**TASK PROMPT:** From the listing below, restate word for word the lines from the line containing "From the plug at the rear" down through the line containing "Notice that the". Exclude pictures.

**EXTRACTED RECORDS:**

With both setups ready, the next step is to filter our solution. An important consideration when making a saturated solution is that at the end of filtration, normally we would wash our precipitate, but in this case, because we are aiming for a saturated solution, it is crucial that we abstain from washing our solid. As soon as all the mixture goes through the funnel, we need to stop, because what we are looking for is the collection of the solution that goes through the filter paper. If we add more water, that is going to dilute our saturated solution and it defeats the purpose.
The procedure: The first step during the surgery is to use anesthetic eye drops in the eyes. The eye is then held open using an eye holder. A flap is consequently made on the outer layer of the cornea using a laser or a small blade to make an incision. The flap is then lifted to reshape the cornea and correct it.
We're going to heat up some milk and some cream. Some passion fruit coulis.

==

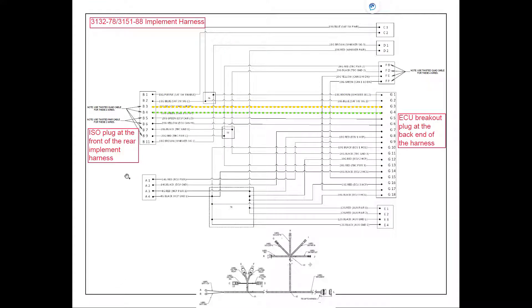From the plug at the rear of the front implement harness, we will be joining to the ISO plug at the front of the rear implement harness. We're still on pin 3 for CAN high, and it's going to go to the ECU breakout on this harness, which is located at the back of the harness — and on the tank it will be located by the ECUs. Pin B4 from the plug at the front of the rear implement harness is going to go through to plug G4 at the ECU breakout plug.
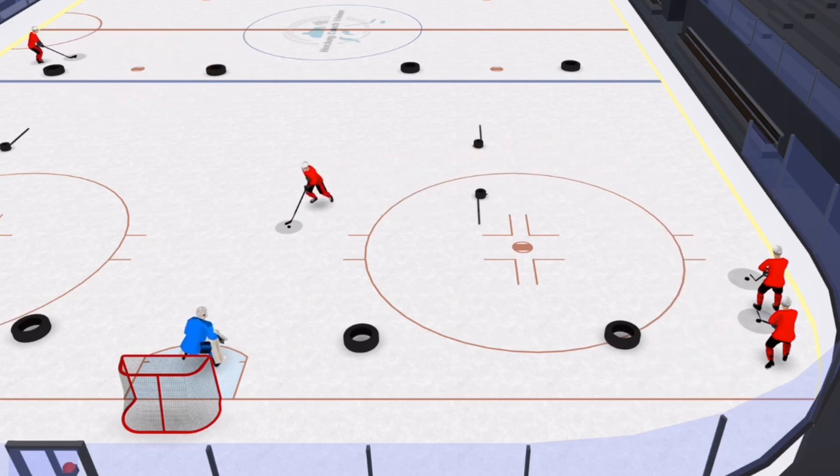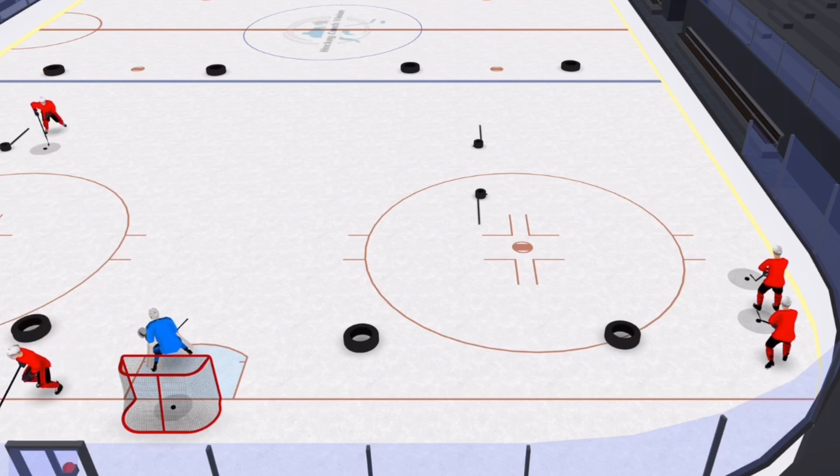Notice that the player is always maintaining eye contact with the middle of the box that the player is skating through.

--

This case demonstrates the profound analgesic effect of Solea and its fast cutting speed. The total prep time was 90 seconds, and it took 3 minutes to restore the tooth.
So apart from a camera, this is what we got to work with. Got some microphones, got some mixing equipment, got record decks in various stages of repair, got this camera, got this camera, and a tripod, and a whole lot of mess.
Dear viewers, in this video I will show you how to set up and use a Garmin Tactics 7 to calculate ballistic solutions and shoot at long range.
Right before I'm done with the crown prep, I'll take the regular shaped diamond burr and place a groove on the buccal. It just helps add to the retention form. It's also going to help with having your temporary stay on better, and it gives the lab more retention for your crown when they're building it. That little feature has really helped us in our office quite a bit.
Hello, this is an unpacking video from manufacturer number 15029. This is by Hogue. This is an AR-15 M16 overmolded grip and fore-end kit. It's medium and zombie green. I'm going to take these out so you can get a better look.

**EXERCISE RESULT:**
From the plug at the rear of the front implement harness, we will be joining to the ISO plug at the front of the rear implement harness. We're still on pin 3 for CAN high, and it's going to go to the ECU breakout on this harness, which is located at the back of the harness — and on the tank it will be located by the ECUs. Pin B4 from the plug at the front of the rear implement harness is going to go through to plug G4 at the ECU breakout plug.
Notice that the player is always maintaining eye contact with the middle of the box that the player is skating through.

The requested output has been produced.